Recorded information:
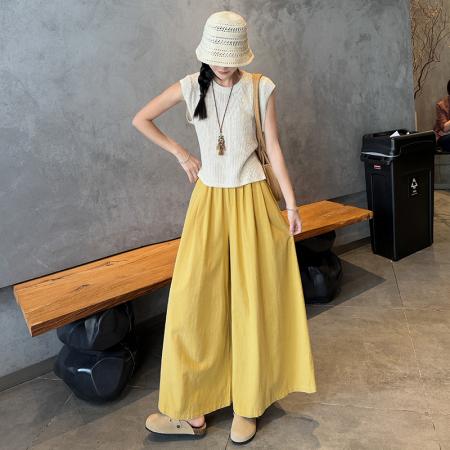 BY14982# 亚麻直筒阔腿裤女夏季高腰大裤摆慵懒风宽松薄款山本裤休闲裤裙 服裝批發女裝批發服飾貨源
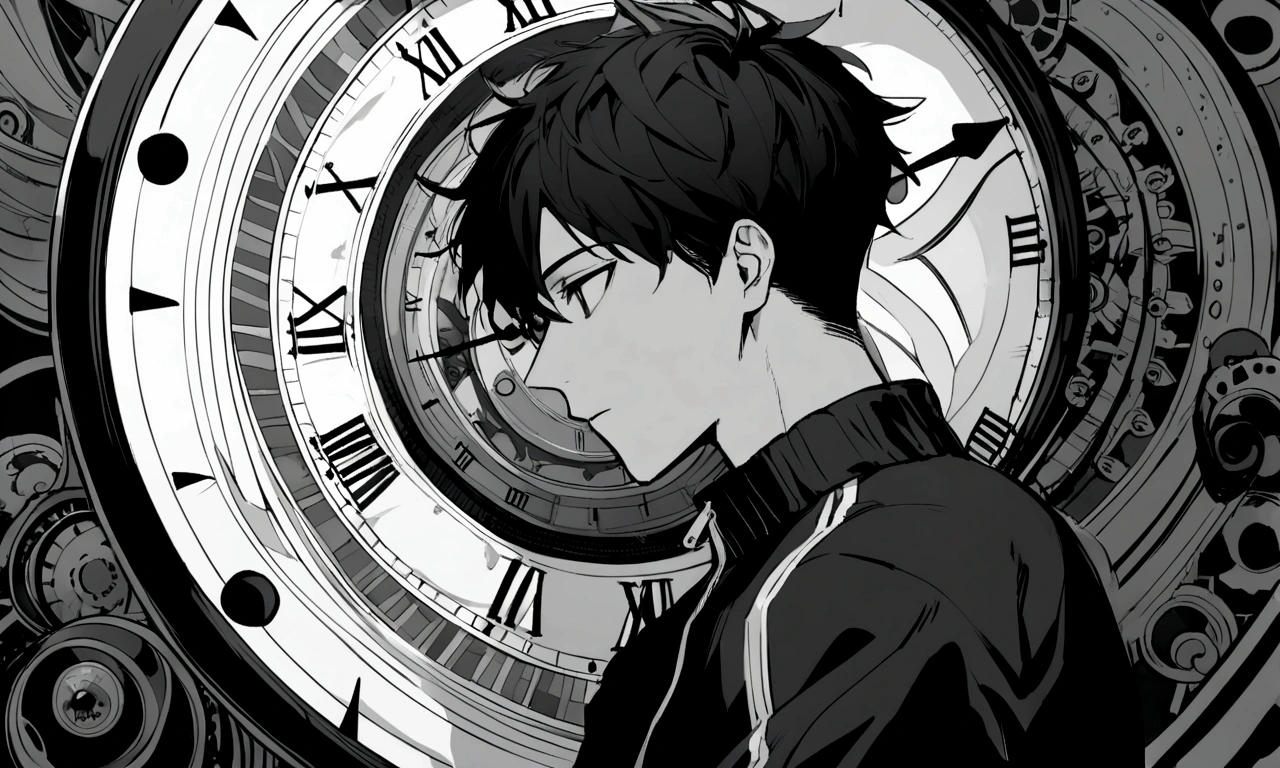 black and white drawing, giant clockwork background, human, 26 year old male, black neat hair, a lonely face, wearing gray tracksuit, cling to the clock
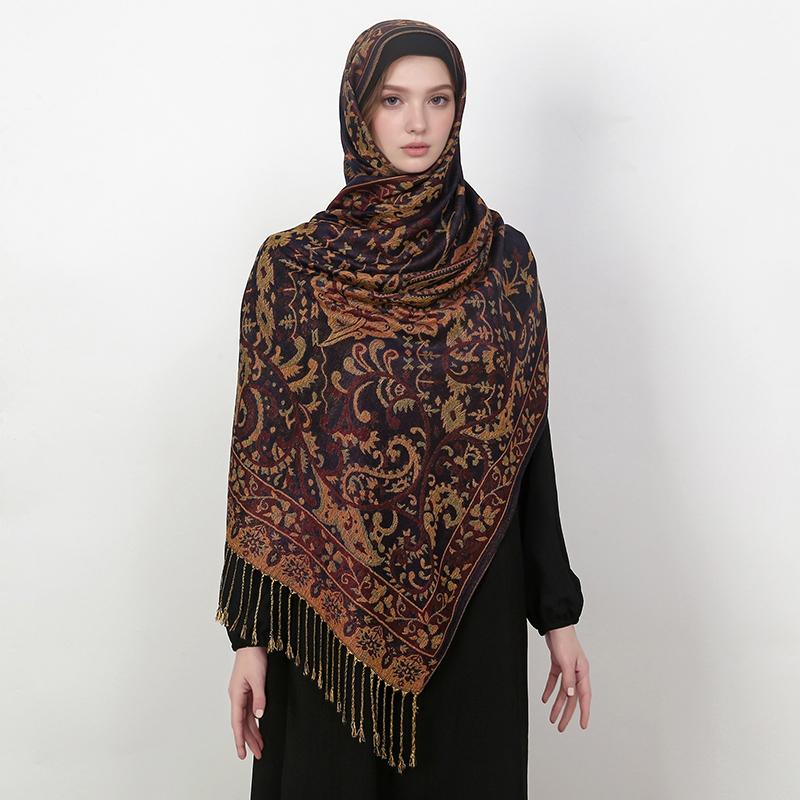 Pashmina Scarf Shawl Wrap Paisley Jacquard Stoles Vintage Cashew Scarves Printed Cotton Tippet Sunscreen Hijab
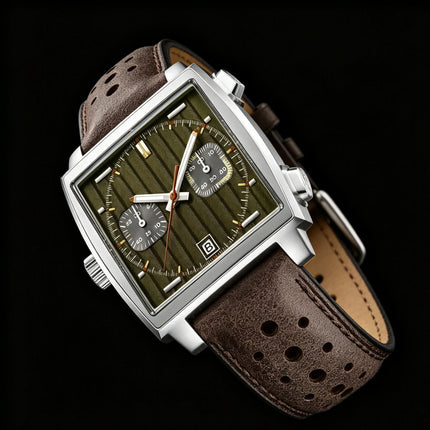 White Black Blue Leather Square Men Watch, VK63 Quartz Chronograph Wristwatch with Sapphire Crystal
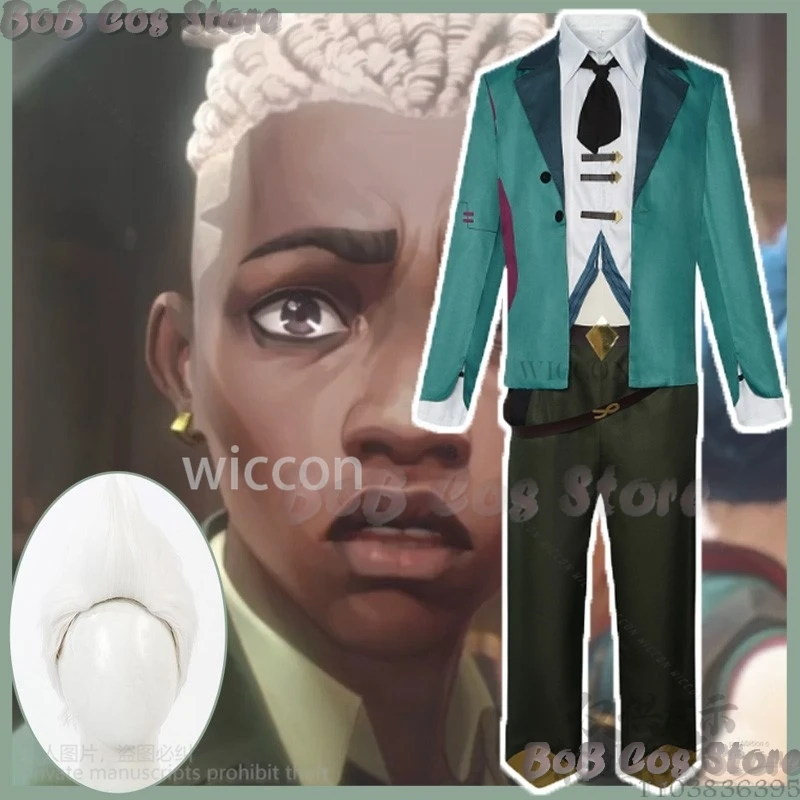 Ekko Cosplay Anime Game LOL Arcane S2 Costume Green Dress Up Suit Uniform Top Pant Wig Man Halloween Christmas Party Customized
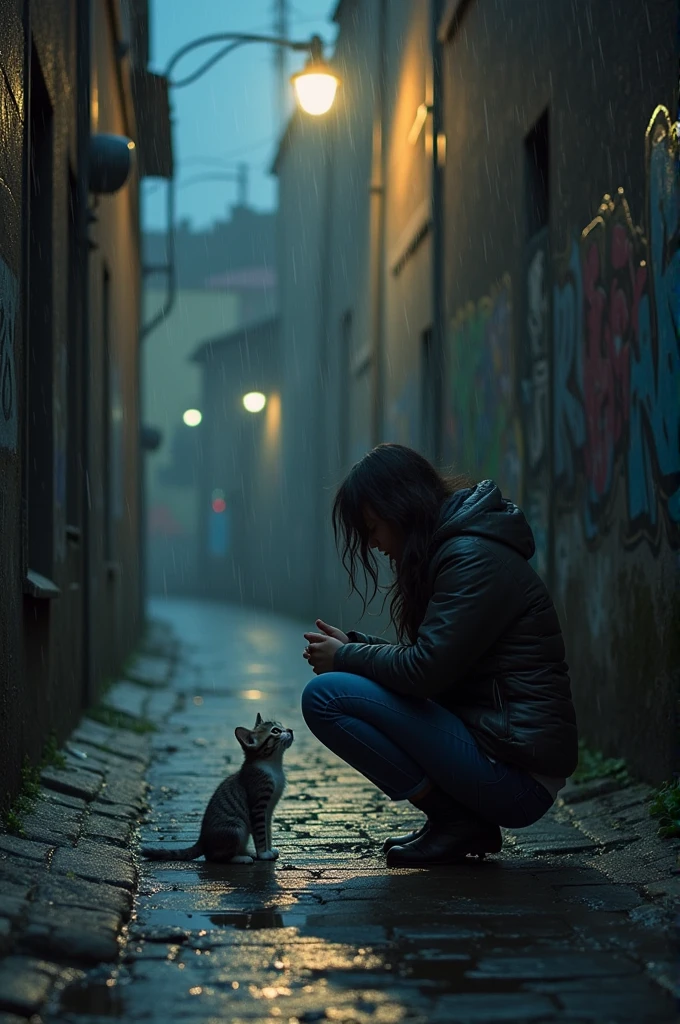 Gray and white kitten crying in a dark alley while it's raining and a happily picks her up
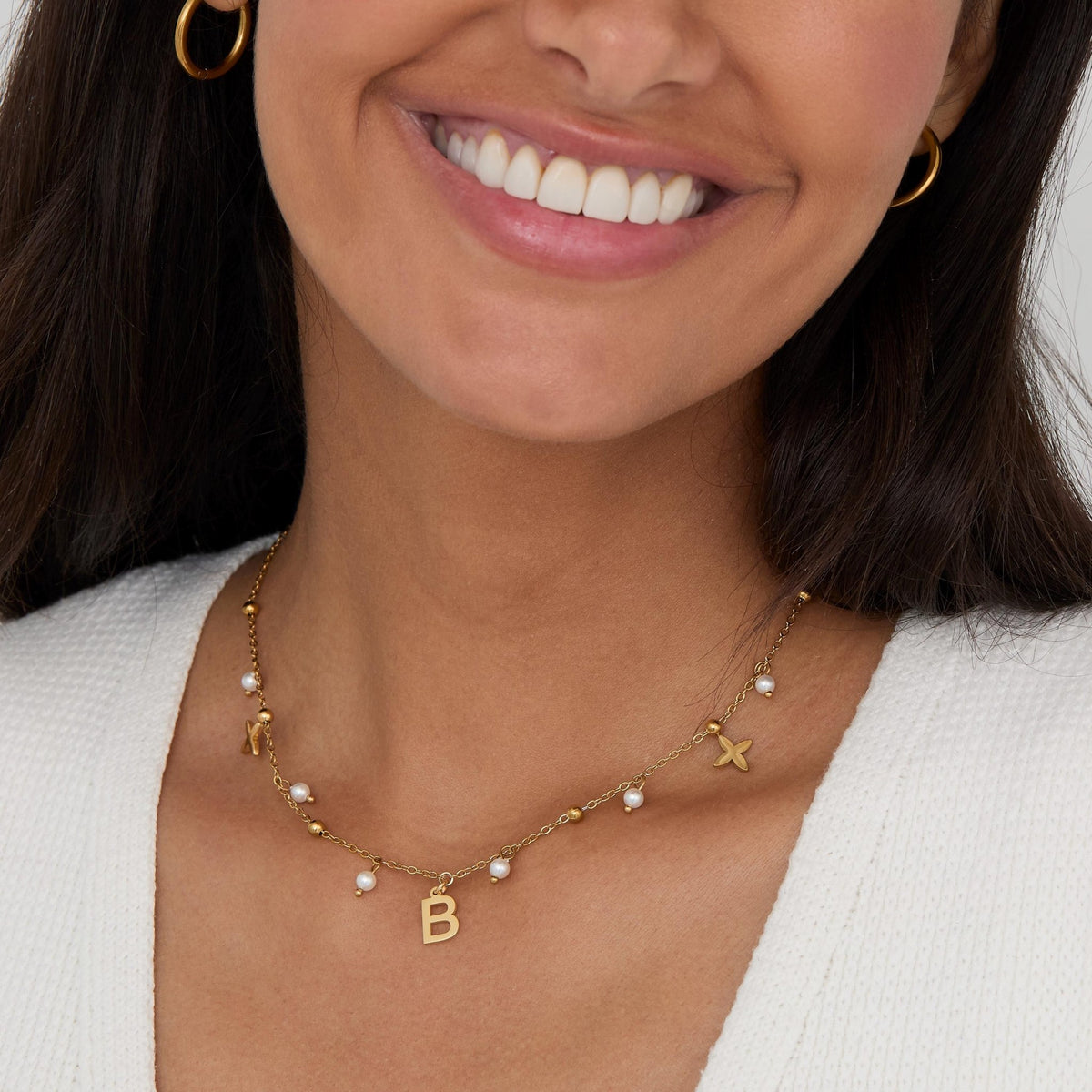 Initial Necklace with Pearls in Glamour Jewelry House gift box — Gold-Plated Steel mother's day gift. Tarnish-resistant.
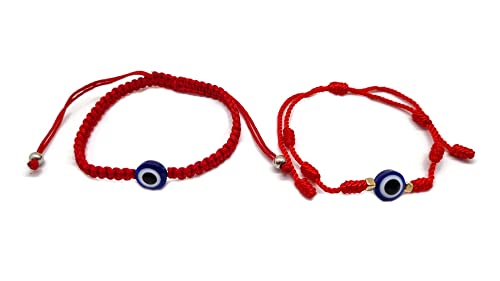 MYSTIC JEWELS by Dalia - 7 knots Red Thread Bracelet - Adjustable protection and evil eye bracelet, lucky amulet, handmade, unisex (Model 5)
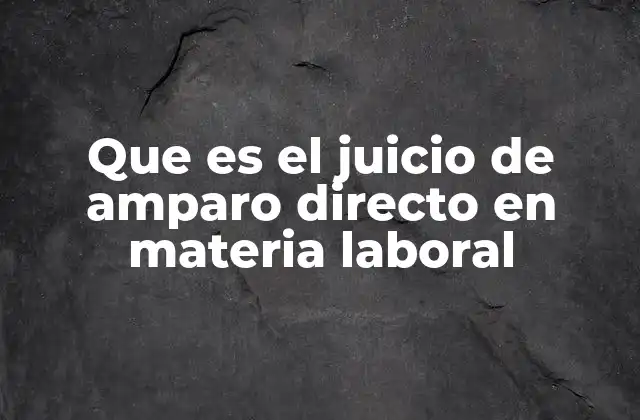 Que es el Juicio de Amparo Directo en Materia Laboral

Problem description: Wherever a picture appears in the data, please drop it and retype the rest exactly.

Task result:
 BY14982# 亚麻直筒阔腿裤女夏季高腰大裤摆慵懒风宽松薄款山本裤休闲裤裙 服裝批發女裝批發服飾貨源
 black and white drawing, giant clockwork background, human, 26 year old male, black neat hair, a lonely face, wearing gray tracksuit, cling to the clock
 Pashmina Scarf Shawl Wrap Paisley Jacquard Stoles Vintage Cashew Scarves Printed Cotton Tippet Sunscreen Hijab
 White Black Blue Leather Square Men Watch, VK63 Quartz Chronograph Wristwatch with Sapphire Crystal
 Ekko Cosplay Anime Game LOL Arcane S2 Costume Green Dress Up Suit Uniform Top Pant Wig Man Halloween Christmas Party Customized
 Gray and white kitten crying in a dark alley while it's raining and a happily picks her up
 Initial Necklace with Pearls in Glamour Jewelry House gift box — Gold-Plated Steel mother's day gift. Tarnish-resistant.
 MYSTIC JEWELS by Dalia - 7 knots Red Thread Bracelet - Adjustable protection and evil eye bracelet, lucky amulet, handmade, unisex (Model 5)
 Que es el Juicio de Amparo Directo en Materia Laboral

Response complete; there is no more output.